Quel est le principe de ce jeu ?

Il s’agit d’un jeu transversal qui va nous permettre d’aborder des compétences orales, écrites, de coopération, d’écoute etc. Les élèves vont réitérer ce qu’ils ont testé sur le premier scénario, ce qui nous permettra de mesurer leur progression par rapport à la prise d’information, la hiérarchisation, leurs interventions orales, ou encore le positionnement face à la caméra. C’est un jeu qui fonctionne toujours très bien car ils se sentent impliqués et très concentrés sur leur tâche. Ils proposent réellement des rendus originaux, créatifs et très pertinents.

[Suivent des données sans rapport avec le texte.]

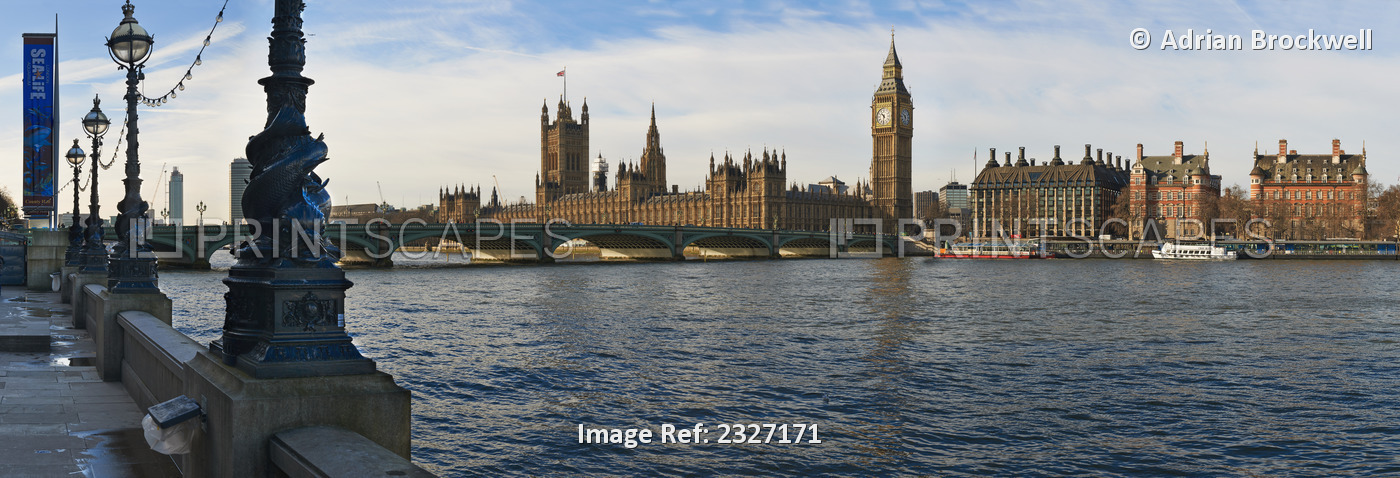 UK, Panoramic view of Houses of Parliament from bank of River Thames; London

Les élèves jouent, les enseignants aussi se sont-ils pris au jeu ?

Forcément car il faut les diriger, notamment au début lorsqu’ils sont à l’écoute des indices, ils veulent tout noter car ils ont le souci de bien faire. Nous sommes également obligées de les accompagner dans l’écriture et dans la réalisation. On évalue ensuite ce qu’ils ont produit avec des propositions souvent drôles, très différentes les une des autres. Ils retrouvent en jouant certaines difficultés qu’ils rencontrent dans des disciplines et dans des apprentissages, ils s’interrogent et développent un retour constructif sur leur travail, surtout à l’oral, cela peut impacter positivement leurs épreuves du bac.

On dit qu’on apprend mieux en jouant, c’est vrai ?    

En l’occurrence oui, totalement. Ce jeu est très bien fait, il développe de très nombreuses compétences.